Dataset excerpt:
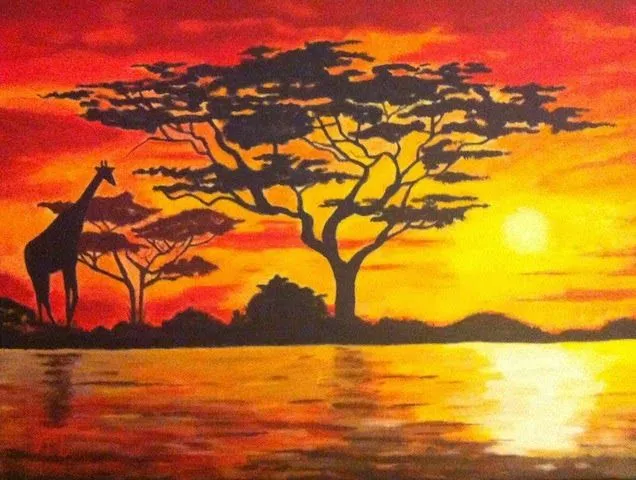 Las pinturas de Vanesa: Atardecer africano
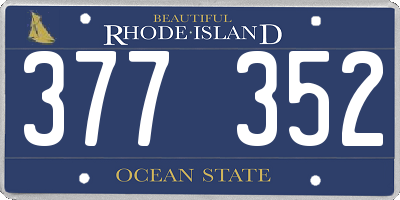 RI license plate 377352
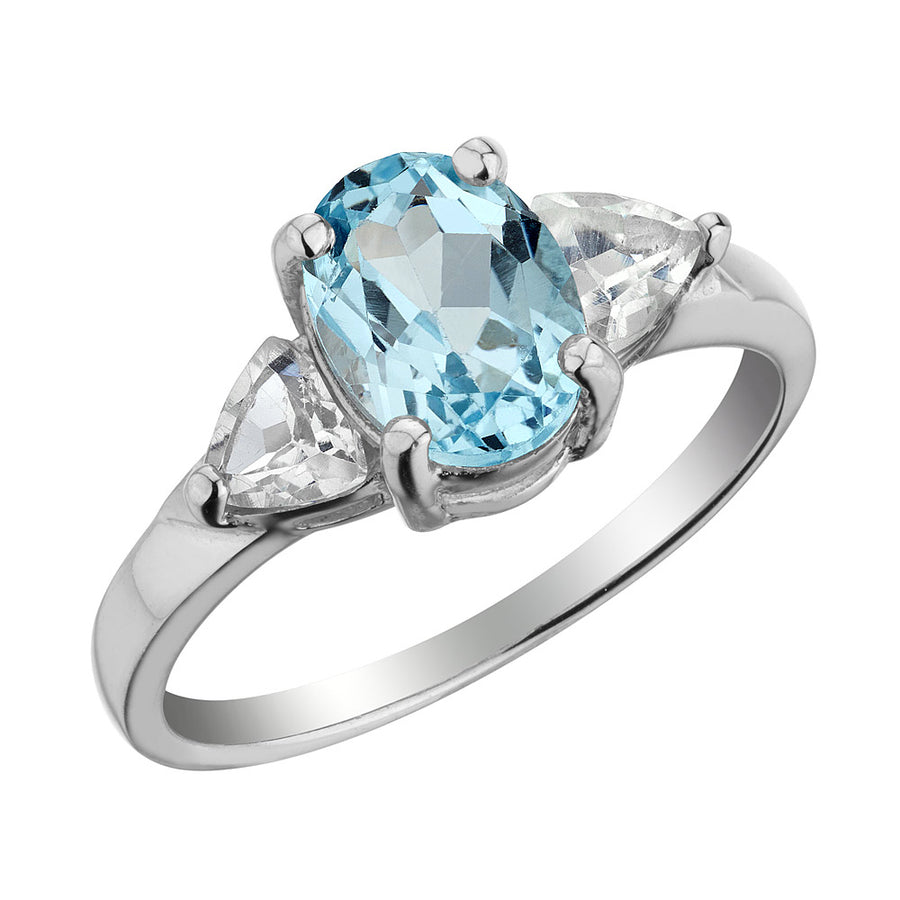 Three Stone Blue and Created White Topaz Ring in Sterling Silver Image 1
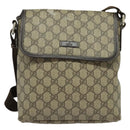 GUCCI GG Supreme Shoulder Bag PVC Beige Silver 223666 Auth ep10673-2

What you will do: Give every line of the listing above again, exactly, with no images.

Result below:
 Las pinturas de Vanesa: Atardecer africano
 RI license plate 377352
 Three Stone Blue and Created White Topaz Ring in Sterling Silver Image 1
 GUCCI GG Supreme Shoulder Bag PVC Beige Silver 223666 Auth ep10673-2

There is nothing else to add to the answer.